Что касается страниц, которые читатель держит сейчас в руках, я прекрасно сознаю, что, кроме сложности обычной, они заключают в себе еще и другую сложность, почти непреодолимую: восемью[1] представленными здесь текстами я хочу воздать почести тем, кто учил меня писать рассказы. Моим учителям (и не только моим — они учат всякого желающего). Я выбрала их, одержимая самым сильным из всех известных мне чувств — страстью. Если четко следовать фактам, то выбор свой я сделала давно, еще в отрочестве, именно тогда я их открыла и полюбила. Я безмерно восхищаюсь ими, уважаю их, но вместе с тем я готова спорить с ними и даже, если придется, положить их в этом споре на обе лопатки. Считаю полезным объяснить это читателю недоверчивому или просто любопытному, желающему знать движущие мотивы и сокровенные мысли автора.

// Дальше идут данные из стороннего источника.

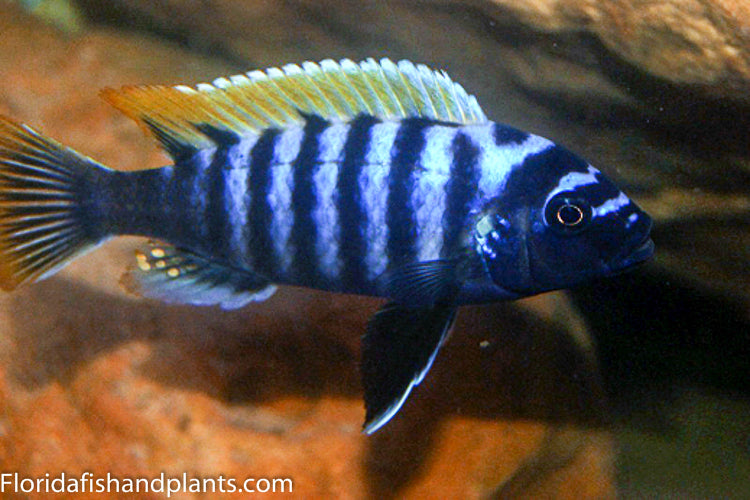 Red Top Lundo afra, Cynotilapia zebroides, Mbuna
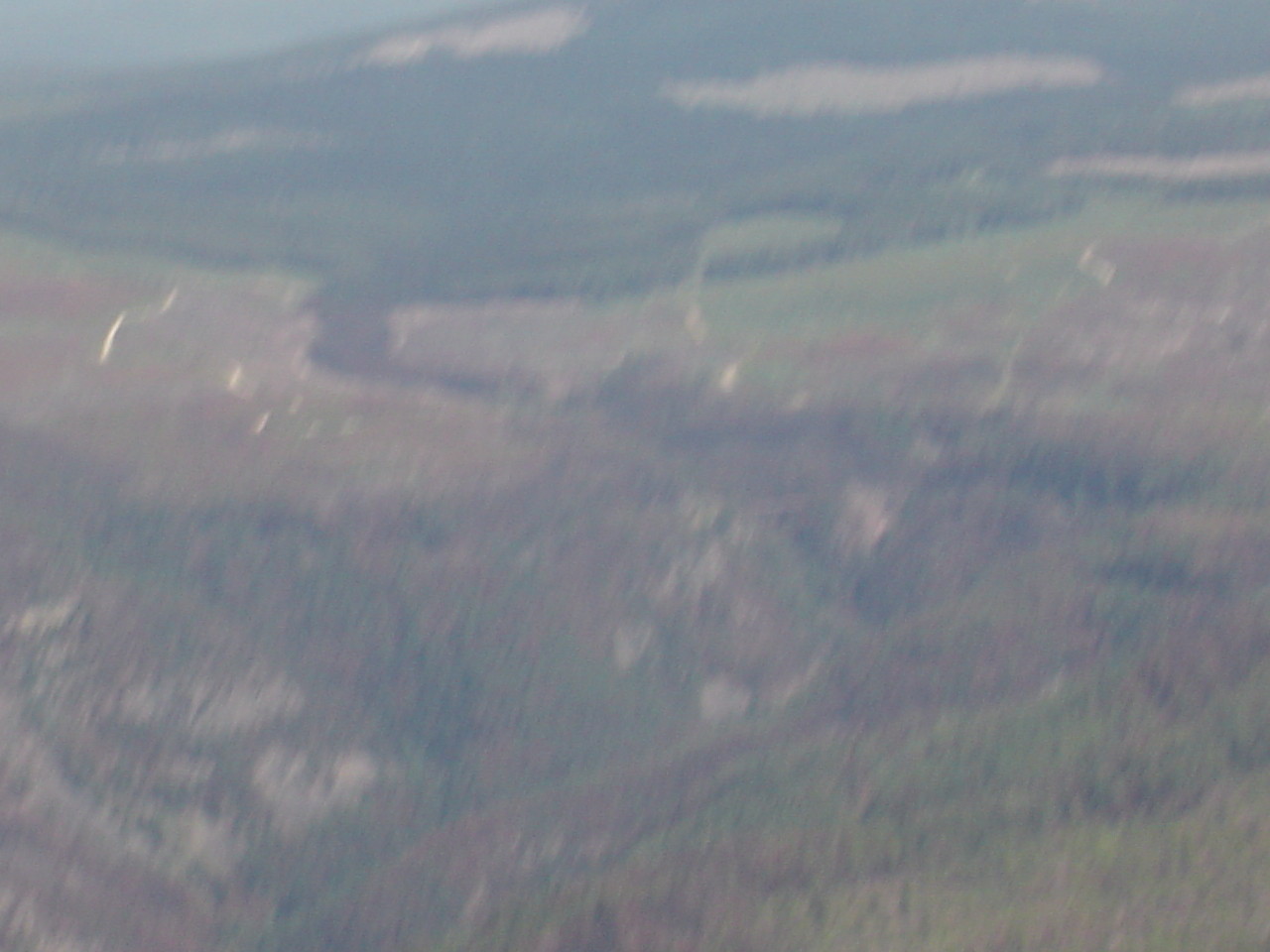 040.jpg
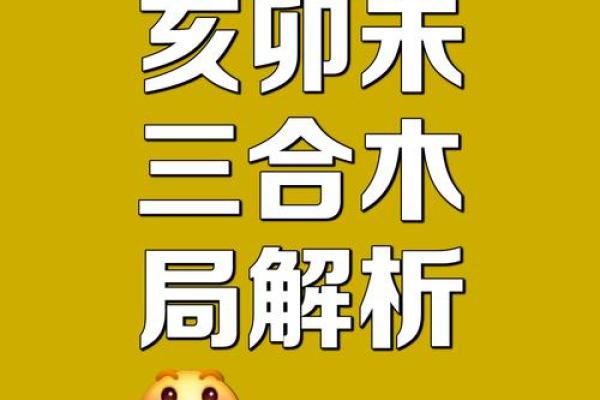 八字见三申一亥 八字见三申一亥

Не всем может понравиться мой спор с такими великими рассказчиками. В свое оправдание сошлюсь на хорошо известные случаи подобного рода. История искусства кишит ими, перечислять все — значит утомить и себя, и читателя, поэтому приведу лишь несколько. В голову сразу приходит Ван Гог, работавший в стиле Милле (after[2] Милле, как очень точно говорят англичане), или в стиле Рембрандта, или в стиле Делакруа. И Дали, впечатленный картиной "Анжелюс", много и глубоко рассуждавший о ней. А сколько художников были очарованы "Менинами" Веласкеса! Вариации Пикассо на тему "Менин" — просто самые известные, но, скажем, Мане или Дега — тоже в рядах почитателей великого малагенца.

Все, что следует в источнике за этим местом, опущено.